• _Work request_:
Please transcribe the entries below exactly and leave out every picture.

• _Data in this exercise_:
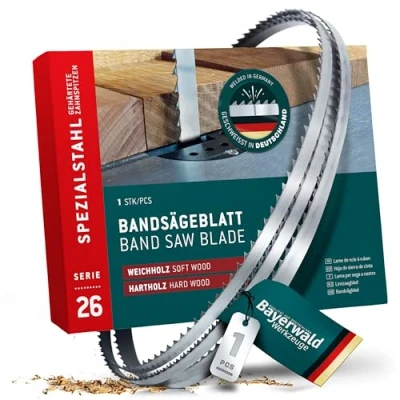 Abbildung von QUALITÄT AUS DEUTSCHLAND Bayerwald Werkzeuge Bandsägeblatt Spezialstahl zahnhart 1400 x 6 x, 0.5 mm (Dicke)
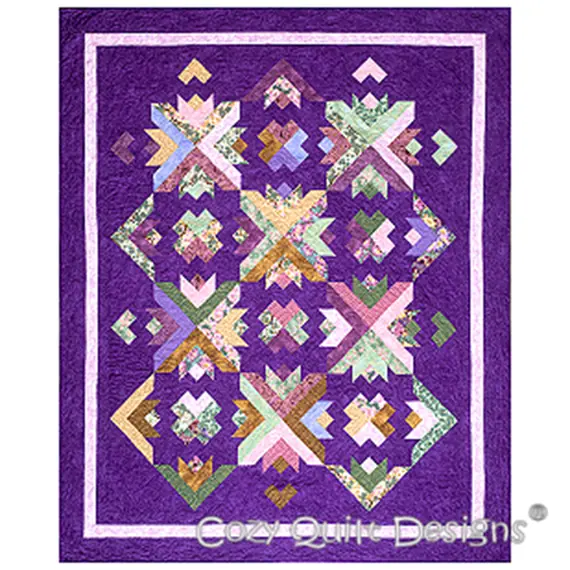 Beach City Blooms Pattern by Cozy Quilt Designs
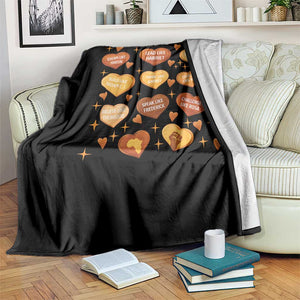 Black History Leaders Throw Blanket African American Teachers Pride TS12 Print Your Wear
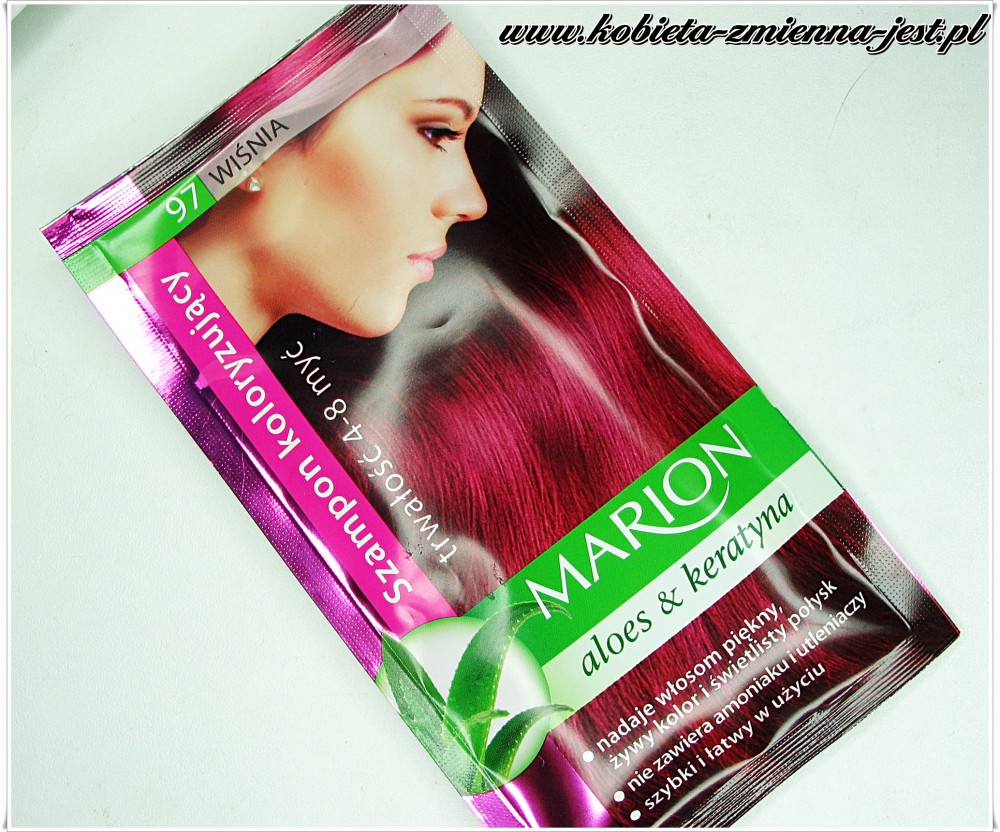 Szampon koloryzujący Marion 4-8 myć 97 Wiśnia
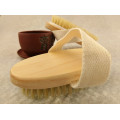 @ New Premium Natural Bristle Wooden Bath Shower Body Back Dry Skin Brush Massager Spa Scrubber Sponges Effective Exfoliator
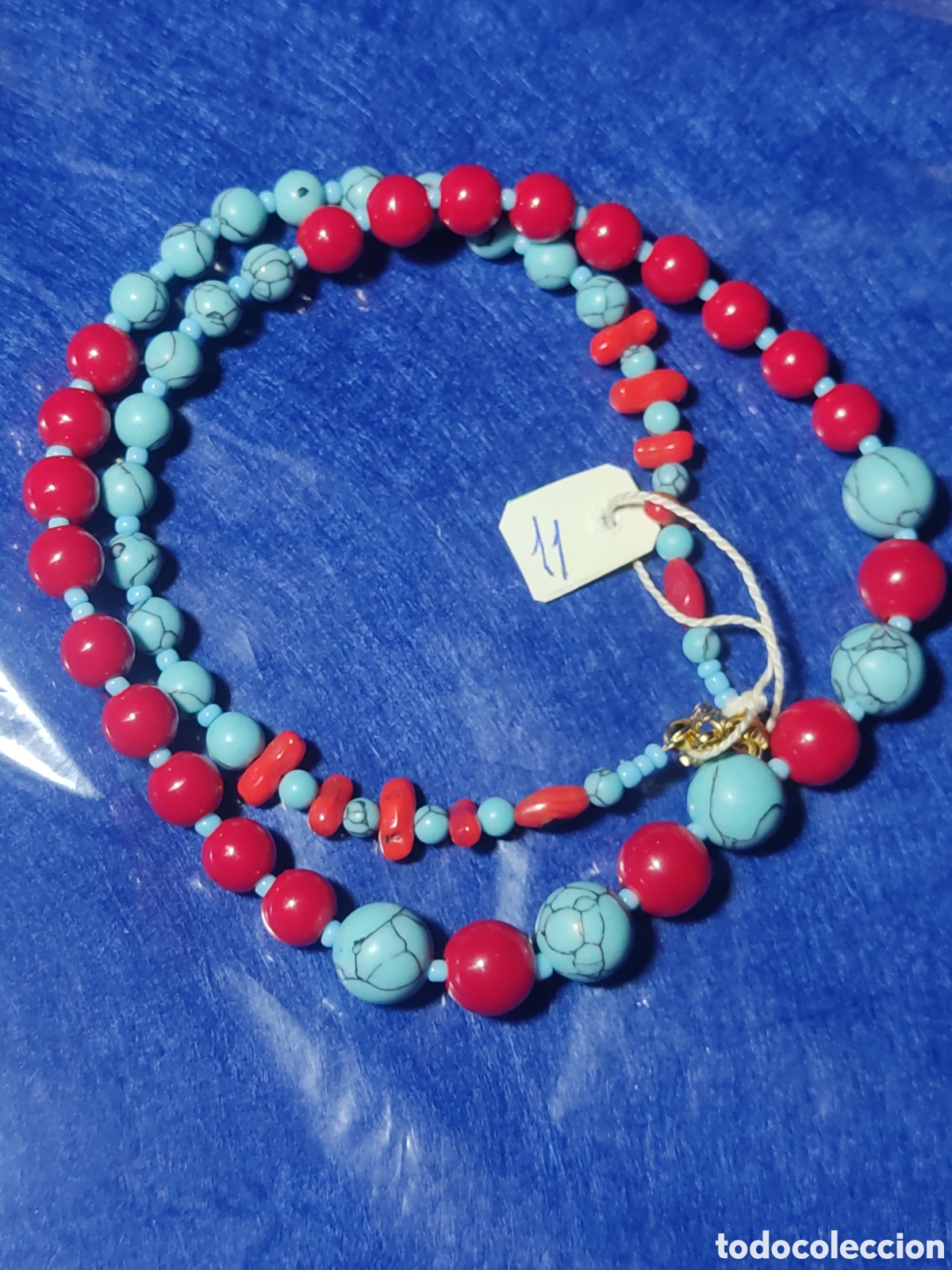 Joyeria: Collar turquesa y coral rojo. *11* - Foto 8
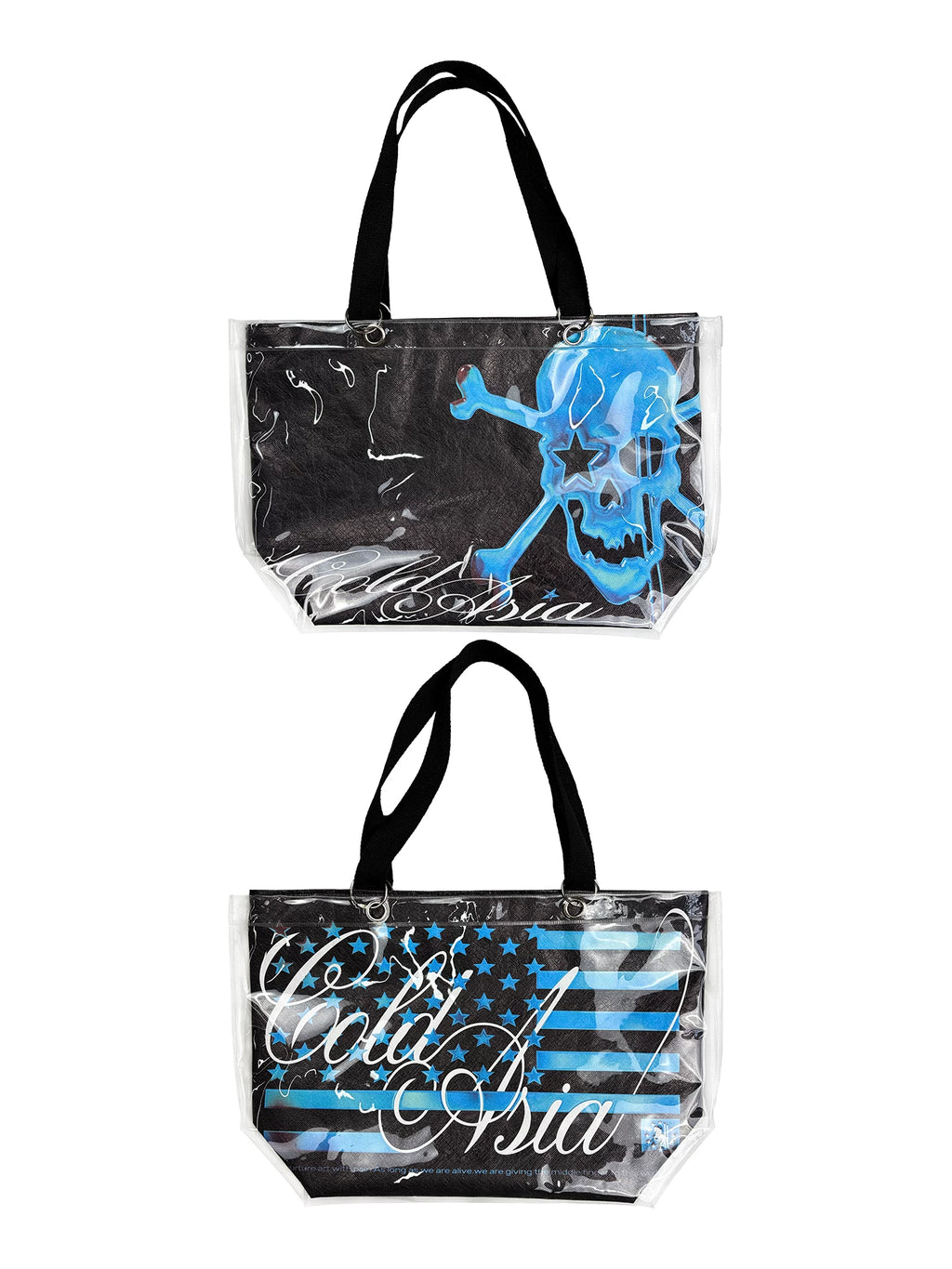 SKULL STAR FLAG TOTE BAG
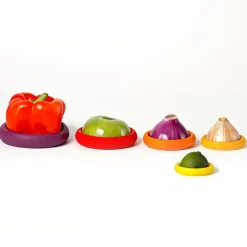 Silikonlock för frukt och grönsaker, 5-pack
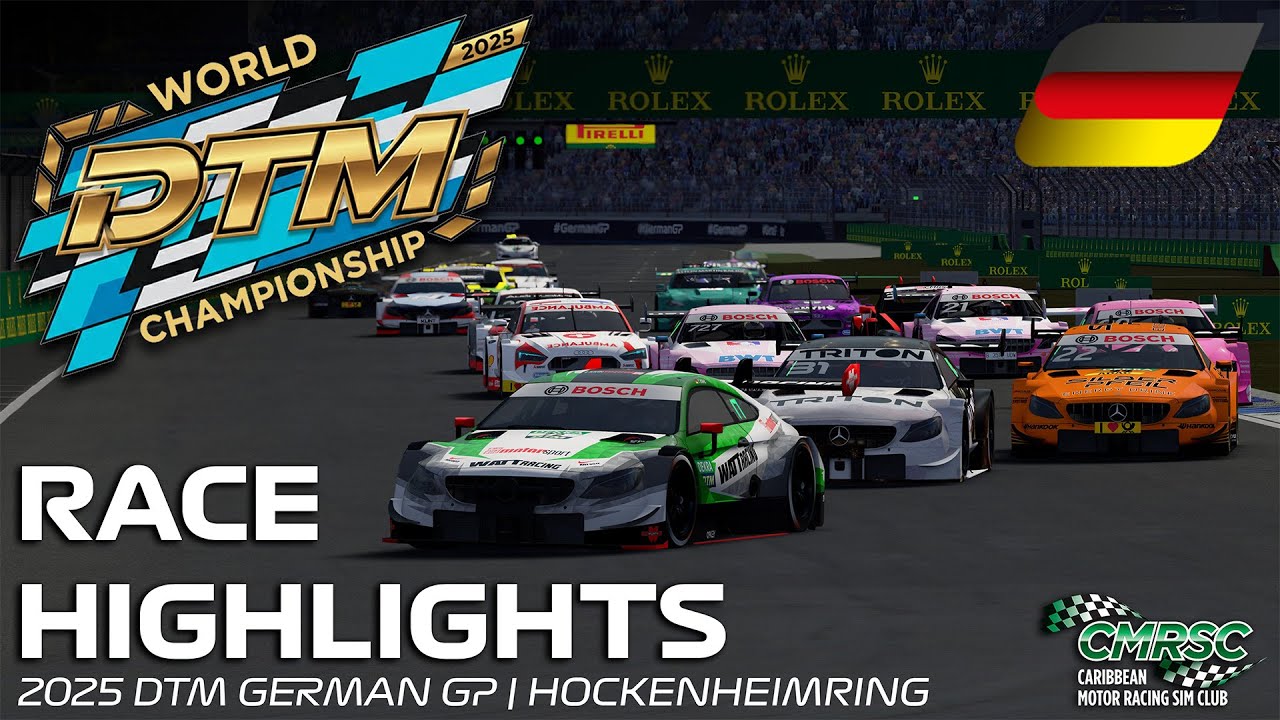 Основные моменты гонки l Гран-при Германии l Чемпионат мира CMRSC DTM 2025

• _Exercise output_:
 Abbildung von QUALITÄT AUS DEUTSCHLAND Bayerwald Werkzeuge Bandsägeblatt Spezialstahl zahnhart 1400 x 6 x, 0.5 mm (Dicke)
 Beach City Blooms Pattern by Cozy Quilt Designs
 Black History Leaders Throw Blanket African American Teachers Pride TS12 Print Your Wear
 Szampon koloryzujący Marion 4-8 myć 97 Wiśnia
 @ New Premium Natural Bristle Wooden Bath Shower Body Back Dry Skin Brush Massager Spa Scrubber Sponges Effective Exfoliator
 Joyeria: Collar turquesa y coral rojo. *11* - Foto 8
 SKULL STAR FLAG TOTE BAG
 Silikonlock för frukt och grönsaker, 5-pack
 Основные моменты гонки l Гран-при Германии l Чемпионат мира CMRSC DTM 2025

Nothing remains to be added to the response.